The joy I see on my son's face - on all of my children's faces - 
is something I knew I wasn't promised on this side of heaven 
and I wasn't sure we would see.  
The gift that it is overflows my heart. It may not last.  
So for today, I hold it in my heart and choose thanksgiving.
Eucharisteo.


Saturday, April 9, 2016

A Time to Blossom

"And the day came 
when the risk to remain 
tight in a bud was more painful 
than the risk it took to blossom."  
Anais Nin



As a mom of a kid with special needs, as a mom of four kids with food allergies, I have spent the last ten years serving, sacrificing, surviving. For the first time in ten years, I have drawn breath.  In the moment, I didn't see it.

When you are in the dark, you can't see.

When you are in the wilderness, you are lost.

When you come out of it, you are bewildered. You squint at the light, like you don't recognize it. You rub your eyes, because you cannot believe you see the water, the town, the life that you were lost from.

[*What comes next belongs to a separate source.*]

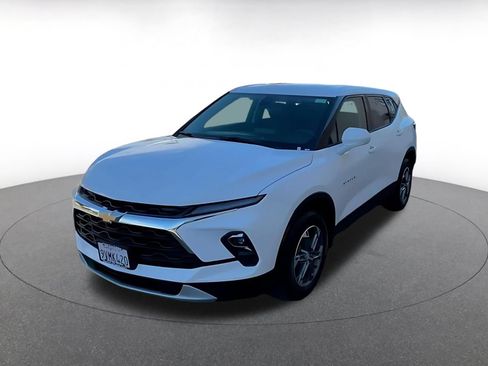 Used 2026 Chevrolet Blazer LT FWD image 7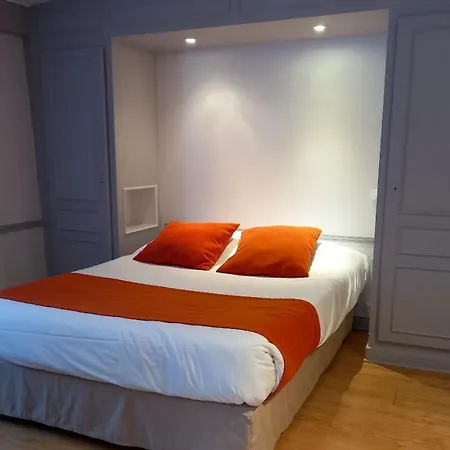 Brit Hotel Comtes De Champagne - Troyes Centre Historique-3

You feel disoriented, unable to get your bearings.  This is what I have felt like over the last couple of months.  Like a newborn baby, opening it's eyes for the first time.  Like Lazarus, I feel like the dead coming back to life.

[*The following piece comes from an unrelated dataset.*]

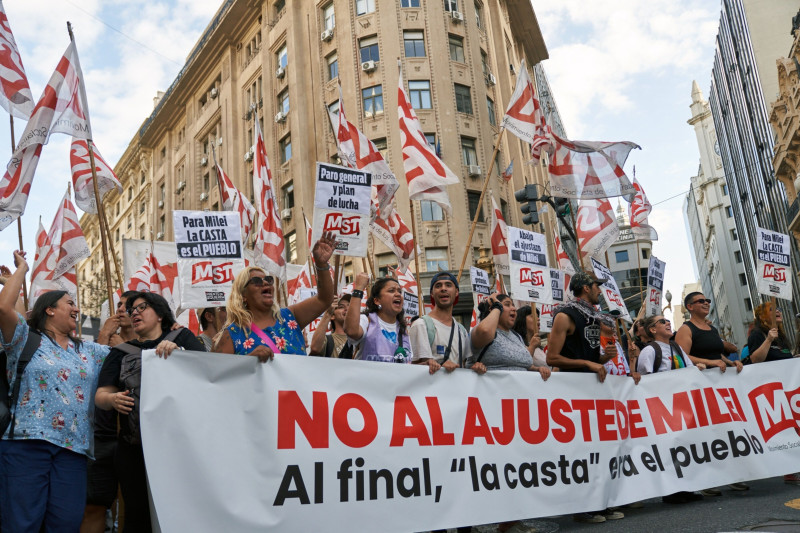 متظاهرون وأعضاء النقابات العمالية خلال مظاهرة مناهضة للتقشف في بوينس آيرس في 20 ديسمبر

I can feel Jesus bringing me back to life.

His Spirit.

His vision.

His calling.

"There is an appointed time for everything.  
And there is a time for every event under heaven -

A time to give birth, and a time to die; 
A time to plant, and a time to uproot what is planted.
A time to kill, and a time to heal; 
A time to tear down, and a time to build up.
A time to weep, and a time to laugh; 
A time to mourn, and a time to dance."
Ecclesiastes 3:1-4



In allowing me to breathe, by pouring rain into our life, God has shown me it is a time to heal, to build up, to laugh, to dance...He has seasons for all of us.  I have been praying for God's rain for two years, and seen glimpses of it, only for Him to show me there was still tearing down and weeping and mourning to do.  I don't know all of His purposes in it yet, but I can feel His Spirit building me up, that I may share and build up others.  I know He will not waste the darkness, the wilderness, the tears.

"Praise be to the God and Father of our Lord Jesus Christ, the Father of compassion and the God of all comfort, who comforts us in all our troubles, so that we can comfort those in any trouble with the comfort we ourselves receive from God.  For just as we share abundantly in the sufferings of Christ, so also our comfort abounds through Christ." 2 Corinthians 1:3-5

The suffering we go through, at some point, is meant to be a comfort and encouragement to others.

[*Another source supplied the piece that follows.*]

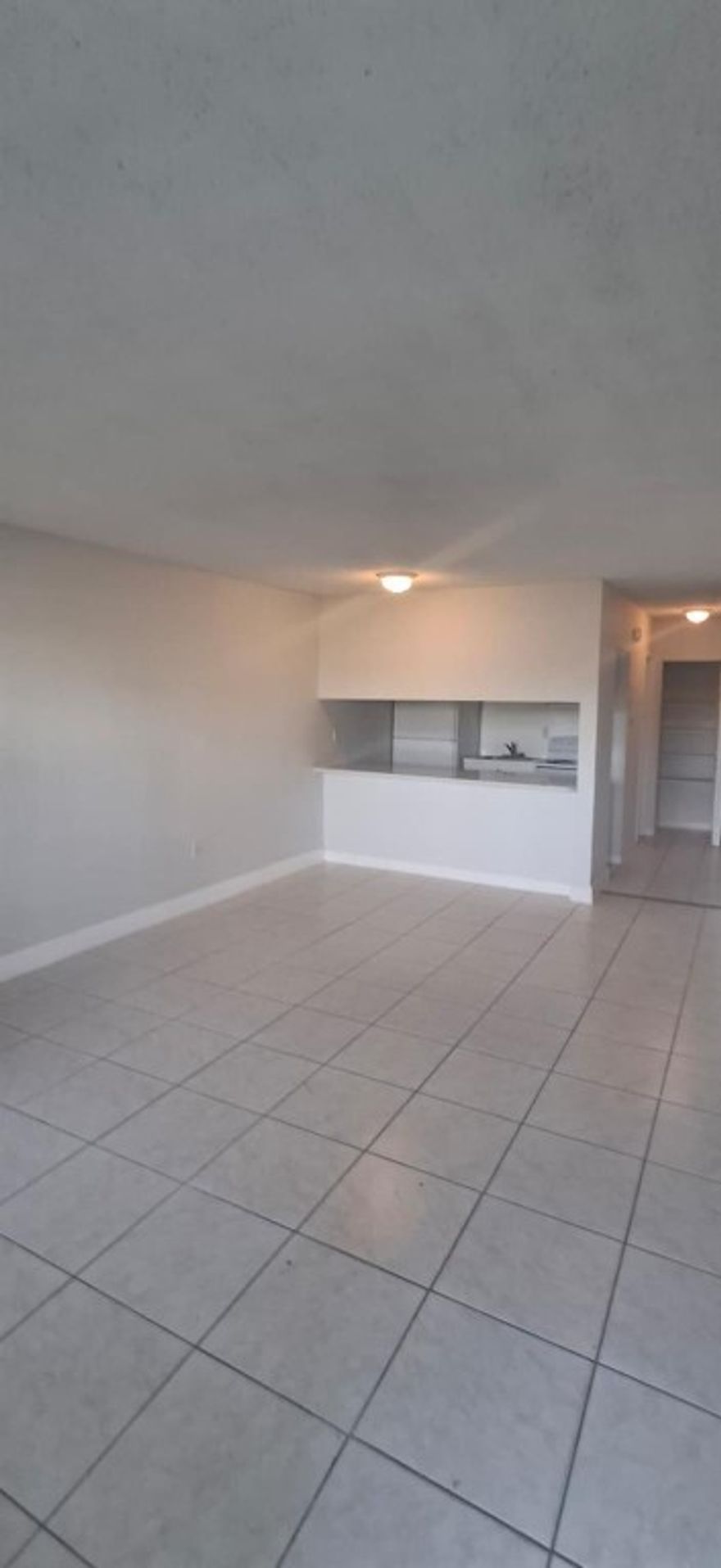 Very Large Studio (as big as 1 bedroom) Centrally located near major transportation routes and highways, minutes from major retailers and restaurants.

Sometimes it takes the form of a listening ear, a hug, an "I understand, I've been there too." 

Sometimes God gives us the grace to share with others while we are suffering.

Sometimes God gives us the strength to share after He has renewed us....and maybe revived us?

"Do not let any unwholesome talk come out of your mouths, but only what is helpful for building others up according to their needs, that it may benefit those who listen." Ephesians 4:28, NIV

The NASB version says, "that it may give grace to those who hear."

I don't know what the Lord has in store for me next.

I don't know what the Lord has in store for you.

But I pray that it may be for the building up of others.

I don't want to "remain tight in a bud."  I don't want to stay in the wilderness.  

I pray that it is a time for our family, and yours, to blossom into who God wants us to be.